The determination of whether a case is “exceptional” under the attorney fee-shifting provision of The Patent Act is left to a broad discretion of the District Court.
In two slip opinions rendered April 29, 2014, SCOTUS addressed issues regarding awarding attorneys fees under 35 U.S.C. § 285 to prevailing parties in “exceptional” patent infringement cases. Under 35 U.S.C. § 285, a District Court is authorized to award attorney’s fees to prevailing parties in “exceptional cases.” The CAFC had used a Brooks Furniture standard defining an “exceptional case as one which involves “material inappropriate conduct” or is both “objectively baseless” and “brought in subjective bad faith.” Under the Brooks Furniture standard, an exceptional case must be established by clear and convincing evidence.

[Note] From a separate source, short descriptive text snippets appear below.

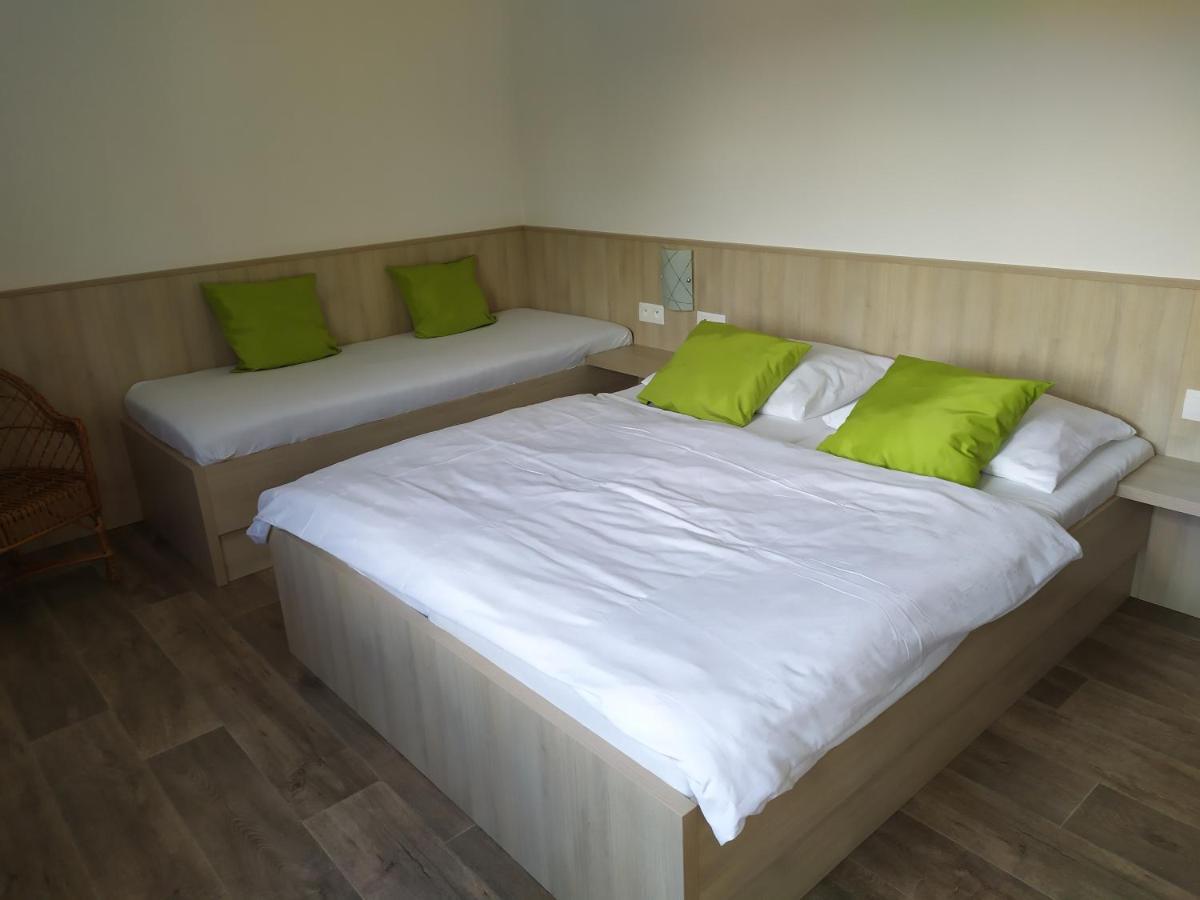 Apartmany Okoun Velké Losiny Exterior foto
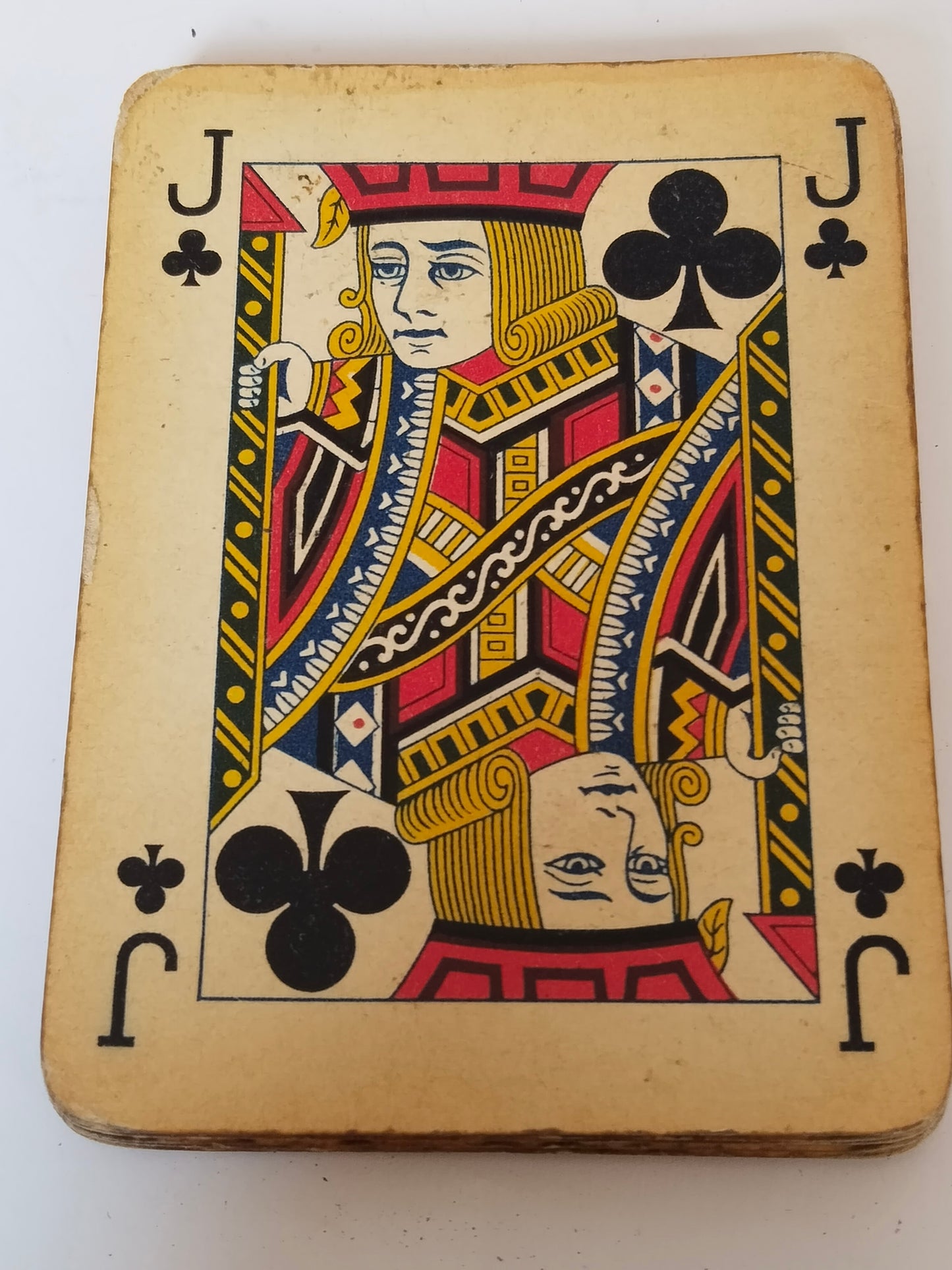 Kaiserliche Spielkarten aus Österreich – Zwei Decks mit Doppeladler-Steuermarke, um 1900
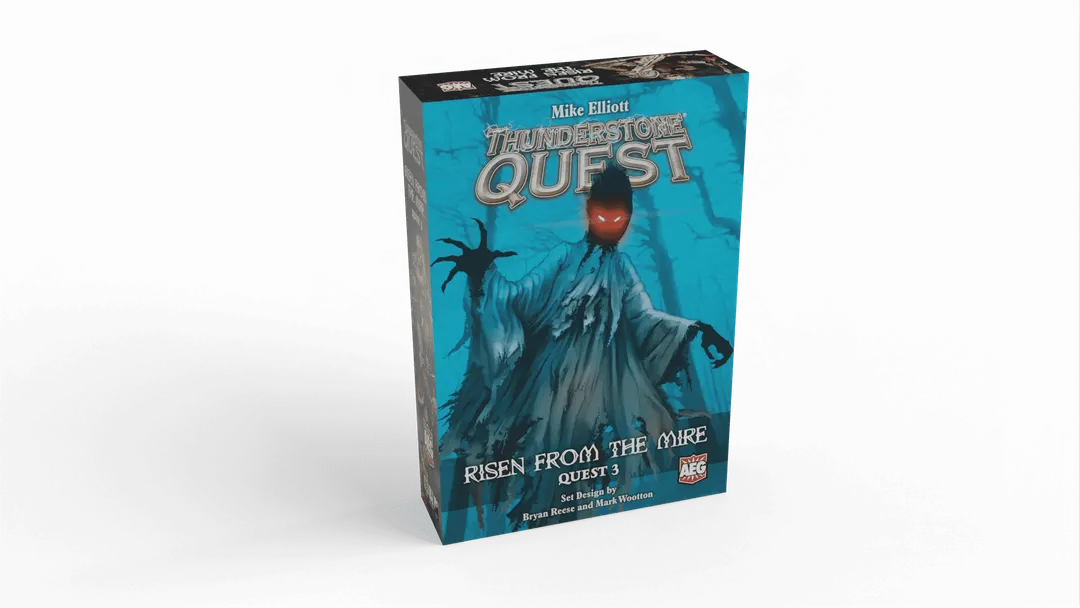 Thunderstone Quest: Risen from the Mire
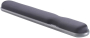 KENSINGTON GEL WRIST REST FEKETE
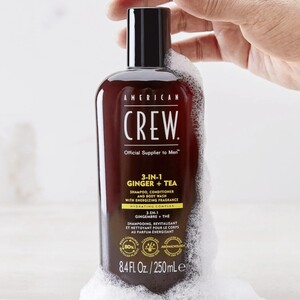 AMERICAN CREW 2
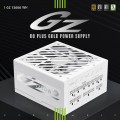 Gamemax GZ 1200G White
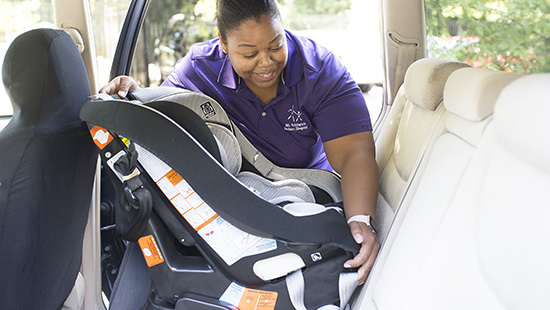 car seat installers near me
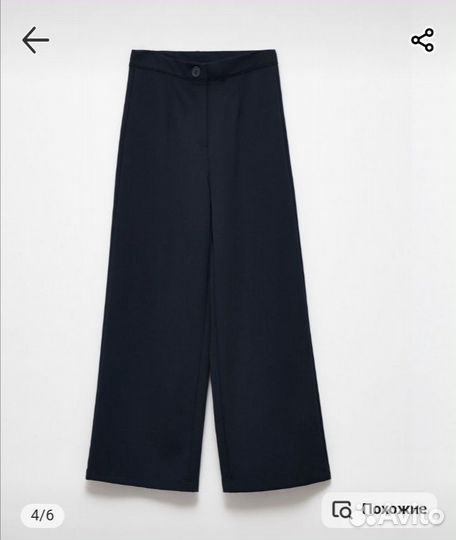 Брюки sela для девочки 152 - 158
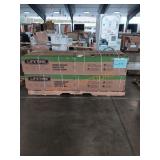 Lifetime outside storage shed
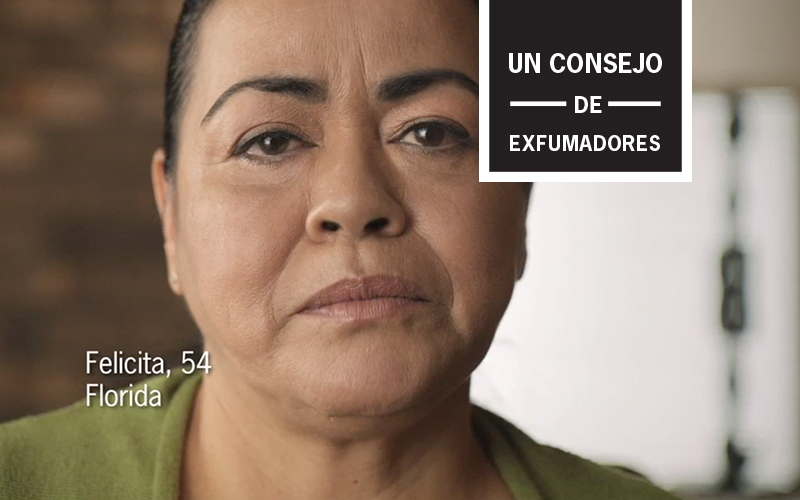 Felicita and Brett&rsquo;s Tips Commercial - Tips From Former Smokers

In the opinion delivered by Justice Sotomayor, the Court, in a 9-0 decision, construed the term “exceptional” in its plain and ordinary meaning and held that exceptional means “uncommon,” “rare,” and “not ordinary.” The Court held that the CAFC has applied too rigid of a standard in determining whether a case is an exception case and rejected the Brooks Furniture standard.
According to Justice Sotomayor, the § 285 statute is “patently clear” and imparts flexibility on the District Court to decide whether a case is exceptional. Octane, slip op. at 7. “[A]n ‘exceptional’ case is simply one that stands out from others with respect to the substantive strength of a party’s litigating position (considering both the governing law and the facts of the case) or the unreasonable manner in which the case was litigated.” Id. at 7-8. Therefore, the intent of the statute only requires that the litigation present either subjective bad faith or exceptionally meritless claims. Additionally, the Court held that a preponderance of the evidence standard is the appropriate standard to use to establish entitlement of fees, rather than a clear and convincing evidence standard. Id. at 11.
Reversed and Remanded
In this opinion, also delivered by Justice Sotomayor, the Court used the Octane case as precedent to unanimously hold that “an appellate court should apply an abuse-of-discretion standard in reviewing all aspects of a district court’s § 285 determination.” Highmark, slip op. at 5.
Vacated and Remanded
Note: The holdings in these cases, relaxing the standard required for district courts to determine whether a case is “exceptional” may aid in thwarting certain “patent trolls” from asserting patent claims that are meritless or brought in bad faith. Stay tuned to see how these rulings affect the litigation process, the legislative process regarding patent reform, and if the holdings will actually send the trolls back under the bridge or if the trolls will just find another way out.